● **Work to complete**:
The task calls for the lines below from the line with "Ryan Upchurch - Surprise" to the line with "Minecraft Disc", both ends included, copied exactly, without any pictures.

● **Supplied data**:

= = = = =

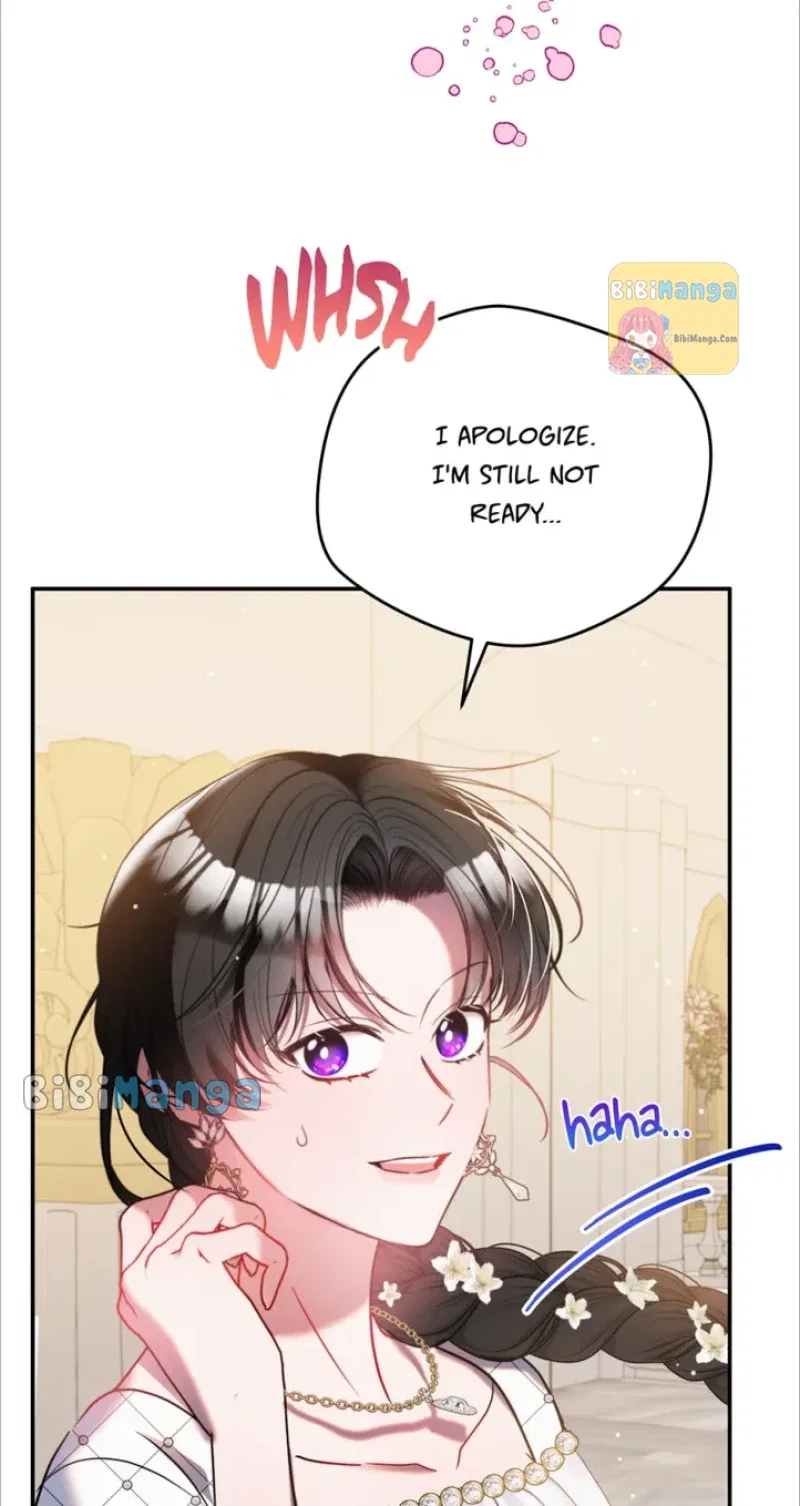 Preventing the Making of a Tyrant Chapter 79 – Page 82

= = = = =

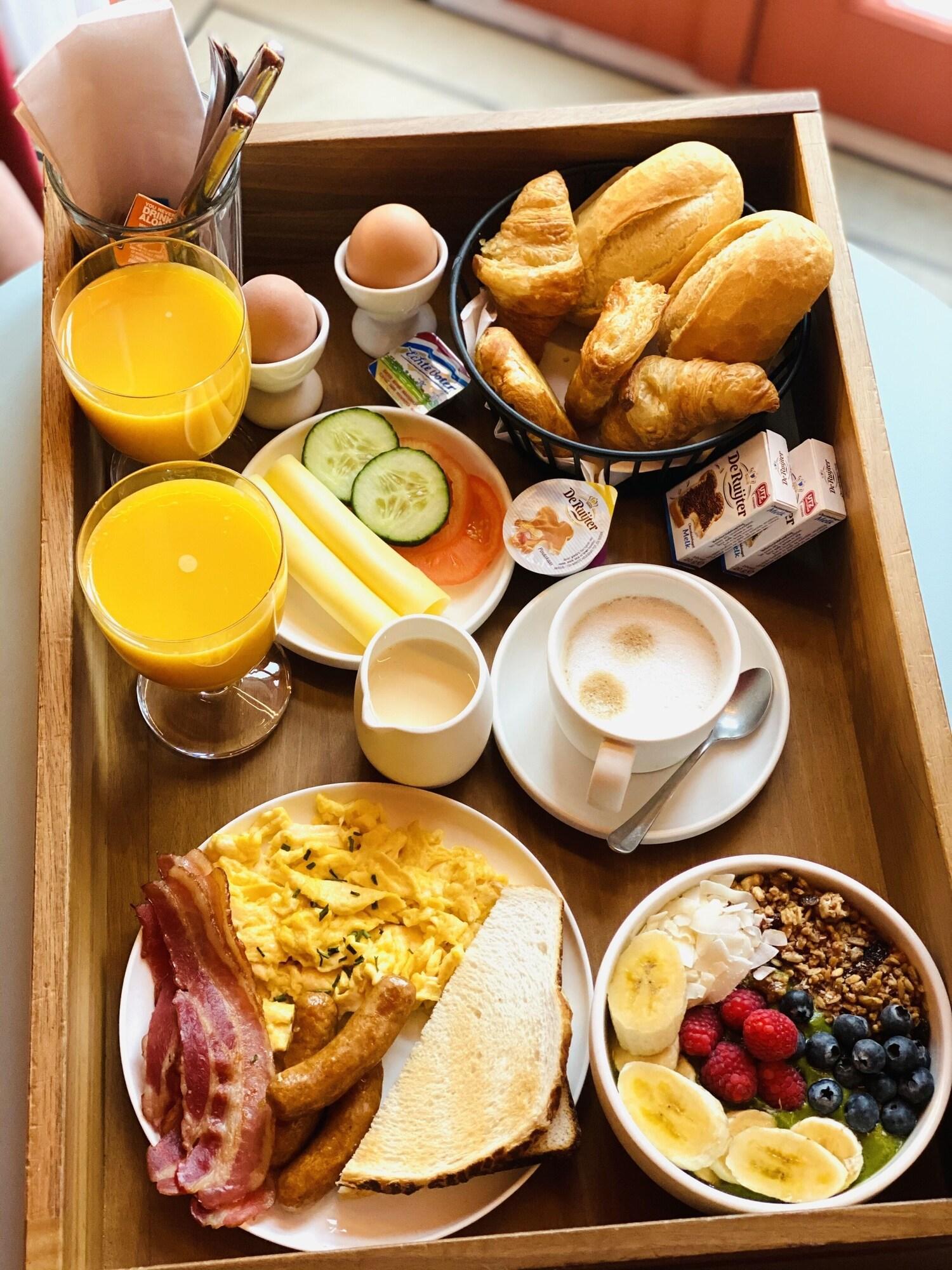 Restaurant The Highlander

= = = = =

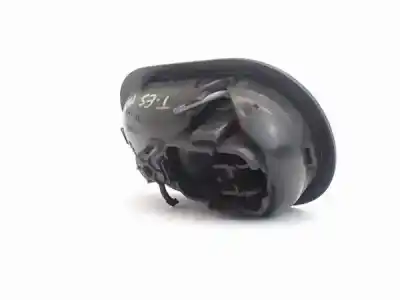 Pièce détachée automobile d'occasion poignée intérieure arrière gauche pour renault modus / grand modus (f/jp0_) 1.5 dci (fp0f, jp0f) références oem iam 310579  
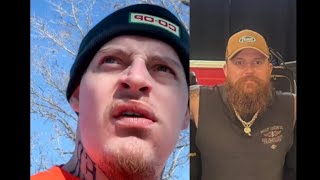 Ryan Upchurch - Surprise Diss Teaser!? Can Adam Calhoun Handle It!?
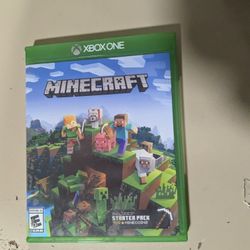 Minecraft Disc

= = = = =

● **Answer to this exercise**:
 Ryan Upchurch - Surprise Diss Teaser!? Can Adam Calhoun Handle It!?
 Minecraft Disc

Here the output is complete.